Pagar Laut 30 KM, Jelas Alat Bukti Kejahatan
Oleh M Rizal Fadillah | Pemerhati Politik dan Kebangsaan
PENYEGELAN pagar laut oleh pihak Kementrian Kelautan Perikanan (KKP) patut untuk diapresiasi, meskipun janggal bin aneh bahwa pihak KKP baru tahu setelah sekian lama terpasang, itupun akibat reaksi dari banyak pihak yang menolak proyek kontroversial PIK 2 dengan status PSN nya tersebut. Panjang 30 KM bukan hal yang tersembunyi.
Pihak perusahaan Aguan pemilik proyek PIK 2 membantah bertanggungjawab atas pembuatan pagar laut tersebut. Publik membaca dengan mudah bahwa pihak yang berkepentingan adalah pihak PT PIK 2. Jika tidak ada pihak yang mengaku telah membuat maka pagar misterius 30 KM mungkin akan menjadi salah satu keajaiban dunia. Buatan Jin atau Alien?
Terakhir muncul nama Ali Hanafiah Alijaya yang diramaikan orang yang bertanggungjawab pemagaran. Ia dalam Channel Eddy Mulyadi disebut sebagai monster yang menakutkan bagi rakyat sehingga rakyat terpaksa melepaskan hak tanahnya untuk kepentingan proyek PIK 2. Ali Hanafiah dikenal sebagai etnis Cina tangan Aguan.
Dengan munculnya nama ini semestinya pihak aparat penegak hukum harus mulai mengendus dan bergerak. Polisi segera bertindak untuk menahan dan memproses hukum. Barang-barang bukti segera disita. Pagar laut 30,16 KM yang telah disegel KKP adalah salah satu alat bukti kejahatan itu.
Adanya pernyataan bahwa KKP akan membongkar pagar laut tanpa izin tersebut jelas sangat keliru. Pagar itu alat bukti, tidak boleh dibongkar sebelum diproses hukum si pembuat dan penyuruhnya. Nanti pengadilan yang menentukan statusnya. Jika tiba-tiba KKP membongkar, maka KKP telah melakukan "obstruction of justice".
Terjadi pengulangan kasus KM 50 untuk pagar laut 30 KM.
Borok-borok Aguan di PIK 2 semakin terlihat. Setelah dugaan pemberian status PSN PIK 2 sebagai tukar guling Aguan menyelamatkan Jokowi di IKN, lalu ungkapan Nusron Wahid bahwa PIK 2 melanggar hukum soal RTRW, RDTR dan status hutan lindung, kemudian penyelundupan hukum PSN dan mafia pertanahan, kini pagar laut pun terungkap.

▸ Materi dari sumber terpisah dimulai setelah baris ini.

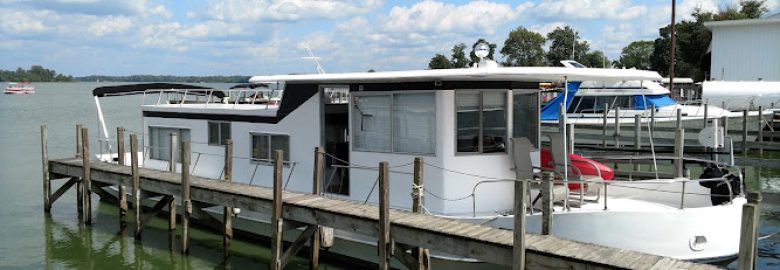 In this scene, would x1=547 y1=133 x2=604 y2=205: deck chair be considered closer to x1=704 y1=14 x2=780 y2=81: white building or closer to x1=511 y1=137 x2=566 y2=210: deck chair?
x1=511 y1=137 x2=566 y2=210: deck chair

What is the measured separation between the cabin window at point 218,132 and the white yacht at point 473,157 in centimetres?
182

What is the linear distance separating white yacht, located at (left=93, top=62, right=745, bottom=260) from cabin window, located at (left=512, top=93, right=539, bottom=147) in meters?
0.02

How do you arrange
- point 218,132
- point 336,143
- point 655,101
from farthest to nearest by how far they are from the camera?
point 655,101, point 218,132, point 336,143

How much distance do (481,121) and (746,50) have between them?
35046 millimetres

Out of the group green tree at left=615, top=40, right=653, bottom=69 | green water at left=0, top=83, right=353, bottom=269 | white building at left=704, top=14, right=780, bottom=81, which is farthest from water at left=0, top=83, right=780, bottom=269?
green tree at left=615, top=40, right=653, bottom=69

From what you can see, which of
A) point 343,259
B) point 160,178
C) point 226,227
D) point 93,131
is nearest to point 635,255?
point 343,259

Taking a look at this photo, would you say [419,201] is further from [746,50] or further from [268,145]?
[746,50]

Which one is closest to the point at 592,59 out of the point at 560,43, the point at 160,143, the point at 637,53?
the point at 560,43

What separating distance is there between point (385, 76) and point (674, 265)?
5281 millimetres

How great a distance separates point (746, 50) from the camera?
4097 centimetres

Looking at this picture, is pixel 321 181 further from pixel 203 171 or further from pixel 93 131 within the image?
pixel 93 131

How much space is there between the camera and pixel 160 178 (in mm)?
14164

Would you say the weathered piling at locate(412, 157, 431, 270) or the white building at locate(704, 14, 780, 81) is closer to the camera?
the weathered piling at locate(412, 157, 431, 270)

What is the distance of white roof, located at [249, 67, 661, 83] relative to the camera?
10406mm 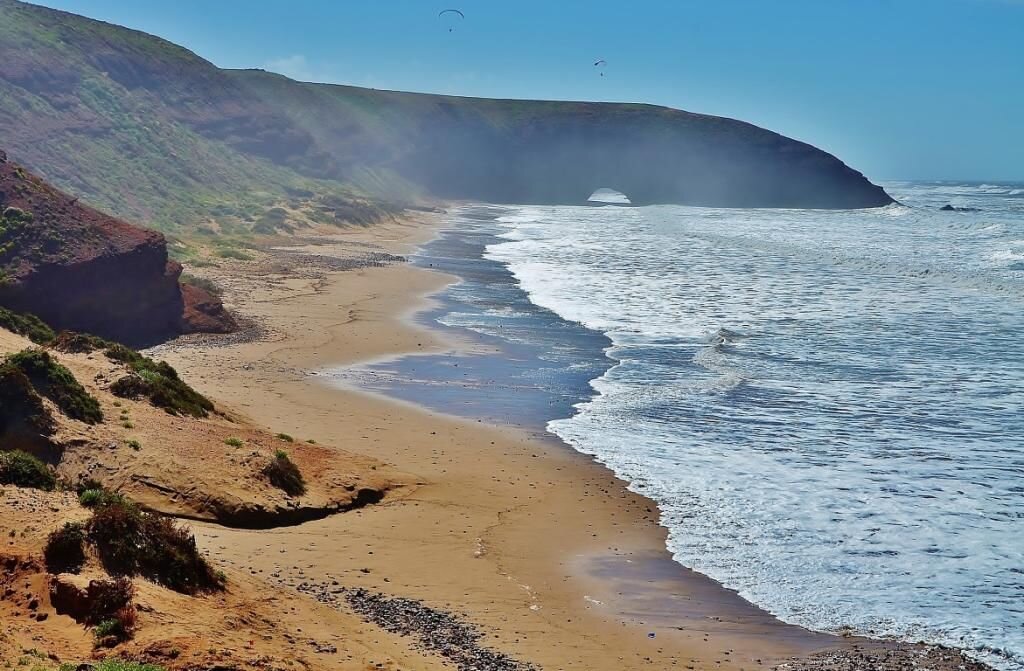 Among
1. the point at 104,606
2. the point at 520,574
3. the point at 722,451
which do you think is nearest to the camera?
the point at 104,606

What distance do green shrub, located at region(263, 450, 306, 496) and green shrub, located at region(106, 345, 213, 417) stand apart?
1970mm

Memang Aguan harus ditangkap.
Pemerintahan Prabowo tidak boleh tinggal diam. Semangat mengevaluasi PSN itu bagus tetapi kebijakan nyata yang dapat mencegah kerusakan bahkan kejahatan itu harus didahulukan. Prabowo berhak untuk memerintahkan aparat Kepolisian untuk segera bertindak agar memproses para pelanggar hukum. PIK 2 adalah proyek berbahaya.
Bahaya penggerusan kedaulatan rakyat oleh sekelompok orang yang menjadi penentu kebijakan. Oligarki mengubah dan menginjak-injak demokrasi. Bahaya hukum yang telah menjadi mainan kepentingan bisnis, termasuk penegak hukum yang diperalat. Bahaya kesenjangan sosial akibat pagar-pagar kekayaan, relasi atau etnik. Bahaya hankamneg akibat investasi yang berimplikasi pada invasi dan kolonialisasi.
Dalam kaitan pagar laut 30 KM bukan prioritas untuk membongkar, tetapi menangkap dan memproses hukum pelaku atau pembuat, penyerta kerjasama, serta pihak yang menyuruhnya. Nampaknya akan banyak pihak terlibat termasuk mereka yang membiarkan terjadinya pelanggaran hukum atau kejahatan tersebut.
PIK-2 yang ditempeli PSN adalah skandal besar pengusaha besar yang berkolusi dengan pejabat dari tingkat Desa, Kecamatan, Kabupaten hingga Provinsi Banten. Bahkan terkait dengan permainan Pemerintah Pusat di masa Presiden Jokowi. Lazim jika kolusi disana bersarang korupsi.
Pagar laut adalah jembatan awal Kepolisian, Kejaksaan atau KPK untuk memeriksa dan menyelidiki kejahatan yang terjadi dalam proyek PIK 2. Ada pemaksaan, penyerobotan, penipuan, penggelapan, suap, gratifikasi hingga kolusi dan korupsi. PIK 2 merupakan skandal nasional.
Selesaikan secara mandiri sebelum OCCRP dan lembaga internasional lain melempar rilis baru. (*).